Saturday, November 26, 2005

Time To Fight


Preparing myself for war,
Never knowing when the trumpet to charge will sound.

Looking over my shoulders I see my brothers surrendering themselves,
And then I know I won’t fight alone.

I think to myself: “I’m not ready for this!”
As I see the enemy in the horizon running towards me.

I close my eyes searching for your words that will be my weapon,
While flaming arrows brush against my skin.

I only wish I die in time to fight this battle!
And falling on my knees I am risen and courage strengthened.

I hear the roar of this mighty army as we pray for the rain to fall on us
And wash clean the chains still holding us back.

I open my eyes to find the sword of the enemy ready to strike
And suddenly all fear disappears as I remember that we already won!

The Lost Sea

Watching on this side of the fence,
Squeezing a gaze through the pieces of wood,
Finding myself in awe
Of what reaches my eyes.

A silver sheet spread across the horizon,
Being ripped to shreds,
As they fight to escape from within,
Breaking the shine reflected in this mirror.

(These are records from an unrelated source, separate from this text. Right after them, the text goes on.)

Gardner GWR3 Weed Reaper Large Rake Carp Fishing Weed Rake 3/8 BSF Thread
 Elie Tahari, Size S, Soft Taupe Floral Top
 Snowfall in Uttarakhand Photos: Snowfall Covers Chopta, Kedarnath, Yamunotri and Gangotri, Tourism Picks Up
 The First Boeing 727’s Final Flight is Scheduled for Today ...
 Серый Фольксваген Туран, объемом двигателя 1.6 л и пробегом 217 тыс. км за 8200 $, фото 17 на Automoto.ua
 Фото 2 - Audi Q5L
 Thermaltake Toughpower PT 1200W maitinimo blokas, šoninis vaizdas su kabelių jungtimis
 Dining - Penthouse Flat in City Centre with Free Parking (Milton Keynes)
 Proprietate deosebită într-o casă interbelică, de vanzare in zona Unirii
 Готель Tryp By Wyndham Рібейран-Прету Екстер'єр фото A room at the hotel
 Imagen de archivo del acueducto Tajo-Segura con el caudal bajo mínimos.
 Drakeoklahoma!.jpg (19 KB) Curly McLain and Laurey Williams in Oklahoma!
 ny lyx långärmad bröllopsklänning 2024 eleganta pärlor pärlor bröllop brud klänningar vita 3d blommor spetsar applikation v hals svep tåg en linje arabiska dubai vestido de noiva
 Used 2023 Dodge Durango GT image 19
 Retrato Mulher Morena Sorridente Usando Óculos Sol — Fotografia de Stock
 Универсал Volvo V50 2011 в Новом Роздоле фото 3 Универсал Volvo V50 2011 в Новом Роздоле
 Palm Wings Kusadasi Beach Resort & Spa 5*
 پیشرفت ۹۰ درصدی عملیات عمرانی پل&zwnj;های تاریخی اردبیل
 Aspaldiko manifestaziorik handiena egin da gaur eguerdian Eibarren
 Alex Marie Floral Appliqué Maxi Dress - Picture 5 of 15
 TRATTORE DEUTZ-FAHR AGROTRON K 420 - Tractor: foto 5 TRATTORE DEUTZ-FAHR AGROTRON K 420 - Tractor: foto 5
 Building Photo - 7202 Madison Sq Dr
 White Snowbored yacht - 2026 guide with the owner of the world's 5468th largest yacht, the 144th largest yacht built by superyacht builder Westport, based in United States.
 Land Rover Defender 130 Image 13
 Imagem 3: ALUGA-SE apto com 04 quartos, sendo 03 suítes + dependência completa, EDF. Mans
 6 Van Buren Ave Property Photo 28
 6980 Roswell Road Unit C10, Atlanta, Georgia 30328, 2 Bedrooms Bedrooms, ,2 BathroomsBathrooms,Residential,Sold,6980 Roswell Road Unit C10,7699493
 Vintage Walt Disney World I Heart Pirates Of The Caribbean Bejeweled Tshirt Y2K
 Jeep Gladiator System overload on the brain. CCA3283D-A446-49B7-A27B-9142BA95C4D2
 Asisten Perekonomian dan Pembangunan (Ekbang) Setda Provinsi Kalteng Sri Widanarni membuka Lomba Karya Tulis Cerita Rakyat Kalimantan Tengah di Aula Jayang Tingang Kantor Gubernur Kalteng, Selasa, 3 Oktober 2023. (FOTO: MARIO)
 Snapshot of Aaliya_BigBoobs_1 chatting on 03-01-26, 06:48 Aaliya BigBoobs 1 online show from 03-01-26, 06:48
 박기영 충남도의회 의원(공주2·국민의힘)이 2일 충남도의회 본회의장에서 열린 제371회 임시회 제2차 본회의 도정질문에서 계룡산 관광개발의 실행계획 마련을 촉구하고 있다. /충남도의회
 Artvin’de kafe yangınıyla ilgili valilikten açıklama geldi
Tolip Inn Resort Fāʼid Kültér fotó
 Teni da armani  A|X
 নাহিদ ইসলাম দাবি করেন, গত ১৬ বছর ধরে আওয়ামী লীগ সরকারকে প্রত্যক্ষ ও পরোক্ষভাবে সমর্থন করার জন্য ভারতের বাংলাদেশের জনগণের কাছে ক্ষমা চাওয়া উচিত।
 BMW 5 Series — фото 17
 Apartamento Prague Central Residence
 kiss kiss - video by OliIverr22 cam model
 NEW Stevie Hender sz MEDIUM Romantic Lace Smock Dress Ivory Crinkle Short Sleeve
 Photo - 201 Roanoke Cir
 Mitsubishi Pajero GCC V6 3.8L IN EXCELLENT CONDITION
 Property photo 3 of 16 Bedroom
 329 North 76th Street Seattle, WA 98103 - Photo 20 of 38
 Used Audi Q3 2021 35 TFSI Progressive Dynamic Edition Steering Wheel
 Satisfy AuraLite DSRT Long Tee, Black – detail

A fire is lit in me, a craving increases
And a drought is revealed.
I push myself even harder against
What keeps me from entering the water.

While one and another fall apart,
Lining up, pushing each other,
Eager to end their journey on the sand,
To find rest at last upon the shore.

The clouds witnessing with me from above,
As another wave breaks down,
Long for the storm to find an end,
And allow them to finally reveal the sun.

A few inches keep me from peeking over.
So I pray for patience to allow me to grow
And jump beyond this wall
That stands between me and the lost sea.